Les prémices du chemin de fer
Parmi les moyens de transport au Tonkin, les prédécesseurs de Paul Doumer avait déjà initié le développement du chemin de fer. Paul Bert (1886) en avait esquissé les orientations, et une première commission technique pour le chemin de fer au Tonkin avait été crée en 1887. À cette époque, en terme de sécurité, confort, volume de fret, le train n’avait pas d’équivalent. On le considérait comme un excellent moyen de développement et de mise en valeur des colonies. D’ailleurs en Cochinchine il existait déjà une petite ligne de 71 kilomètres entre Saigon et My Tho, mise en service en 1885.
Pour le Tonkin une première ligne entre Phu Lang Thuong (Bac Ninh) et Lang Son fut mise en chantier en 1889. Elle correspondait surtout aux exigences de transport et l’approvisionnement des troupes sur la frontière Est avec la Chine. Mais cette ligne devait également servir à pénétrer la région du Guangxi supposée prospère. Inaugurée en 1894 par le gouverneur général de l’époque, Jean-Marie De Lanessan (1891-1894), cette dernière voie, correspondait au système Decauville de 60cm. Une décision prise par le ministre des colonies de l’époque, à l’encontre des recommandations des intéressés sur place. Ne donnant pas satisfaction à l’usage, le gouverneur suivant, Armand Rousseau (1895-1896), dû faire élargir la voie.
Le plan Doumer pour le Transindochinois
Au décès de Rousseau à Hanoi, c’est alors Paul Doumer, précédemment ministre des finances dans le gouvernement Léon Bourgeois, que l’on sollicita pour reprendre le flambeau.
Persuadé lui aussi que, plus tôt la colonie serait dotée en ingénierie, plus tôt elle serait rentable; Paul Doumer entreprit dès son arrivée une compilation d’études sur les ressources et la topographie du pays. Ceci fait, il présenta au Conseil supérieur de l’Indochine un projet ambitieux de 3 200 kilomètres de voies ferrées. Il redressa en même temps les finances de la colonie, alors déficitaires, afin de crédibiliser sa demande de subvention en métropole. Notamment en créant les 3 régies du sel, de l’alcool de riz et de l’opium, et en prenant d’autres mesures fiscales lourdes pour les Vietnamiens.

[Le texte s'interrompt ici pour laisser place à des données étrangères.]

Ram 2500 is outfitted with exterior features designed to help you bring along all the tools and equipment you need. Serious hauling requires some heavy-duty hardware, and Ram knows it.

Son plan finalement accepté dans une version d’un peu moins d’envergure, Doumer partit en France chercher les investissements nécessaires. En cette période favorable à l’expansion des colonies, pendant laquelle l’Empire du Milieu, en déliquescence, suscitait les convoitises des Européens, il obtint du gouvernement 200 millions de francs de l’époque.
Le Transindochinois, déroulant ses rails du Yunnan à My Tho, en passant par Hanoi, Saigon, Lang Son, et le port de Haiphong était né.
Construire un pont et désenclaver la capitale
La capitale de l’Indochine française devait être la plaque tournante du chemin de fer. Mais pour relier Hanoi aux territoires du nord, à la Chine, et au port de Haiphong, un obstacle d’envergure était à surmonter : Le fleuve Rouge.
Entre la rive droite du quartier Hoan Kiem et la rive gauche du quartier Long Bien, le lit du fleuve Rouge est large de plus d’1,5 kilomètres. Il est profond par endroit d’une 20aine de mètres. Et entre la saison sèche et la saison des pluies le niveau des eaux peut varier de 10 mètres.
A cela il faut ajouter des courants forts, des crues fréquentes, et des bancs de sable qui se déplacent.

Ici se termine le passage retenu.